Starting at the line that contains "Arctic White 2026" and stopping at the line that contains "Подержанный автомобиль BMW", restate each line of the records below exactly. Omit the pictures.

Records for the task
%%

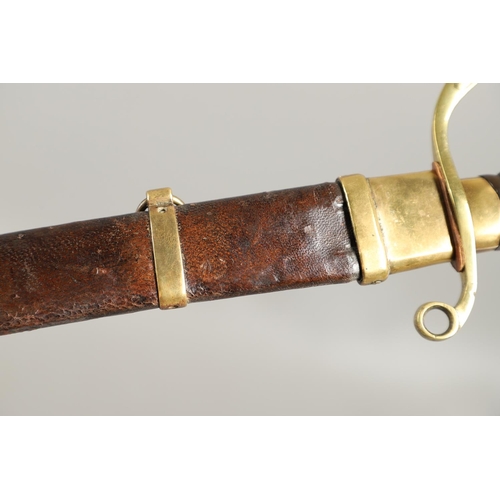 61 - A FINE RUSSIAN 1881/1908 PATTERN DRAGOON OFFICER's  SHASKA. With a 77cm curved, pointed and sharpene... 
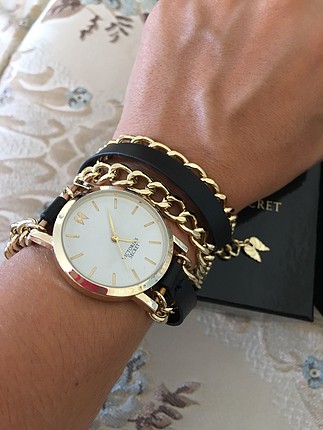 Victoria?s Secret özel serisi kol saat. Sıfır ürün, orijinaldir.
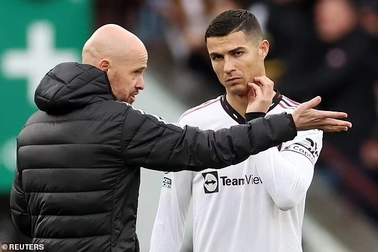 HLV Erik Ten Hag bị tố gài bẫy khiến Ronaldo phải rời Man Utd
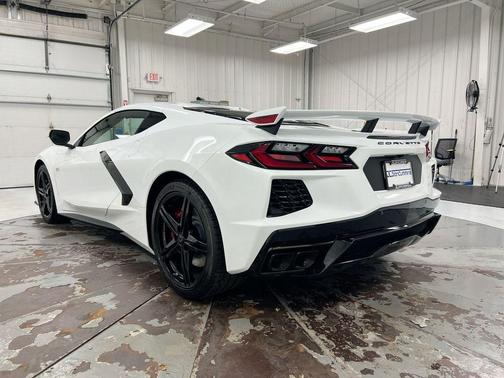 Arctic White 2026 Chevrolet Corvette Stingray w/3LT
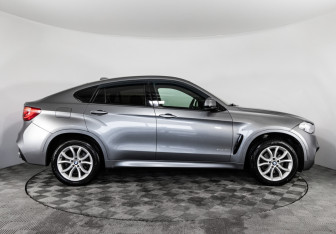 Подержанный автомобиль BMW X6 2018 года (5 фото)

%%
%%

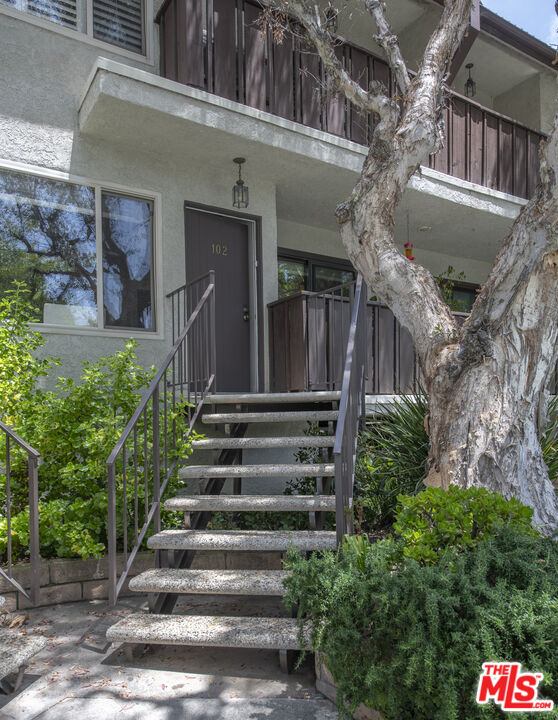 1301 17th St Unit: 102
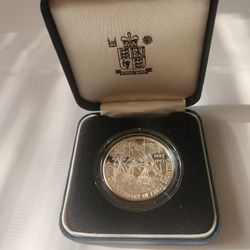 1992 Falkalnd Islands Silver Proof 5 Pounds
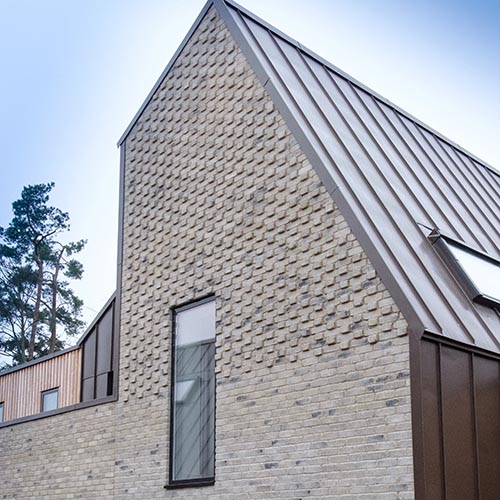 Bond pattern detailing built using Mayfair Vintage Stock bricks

%%

Written answer
 Arctic White 2026 Chevrolet Corvette Stingray w/3LT
 Подержанный автомобиль BMW X6 2018 года (5 фото)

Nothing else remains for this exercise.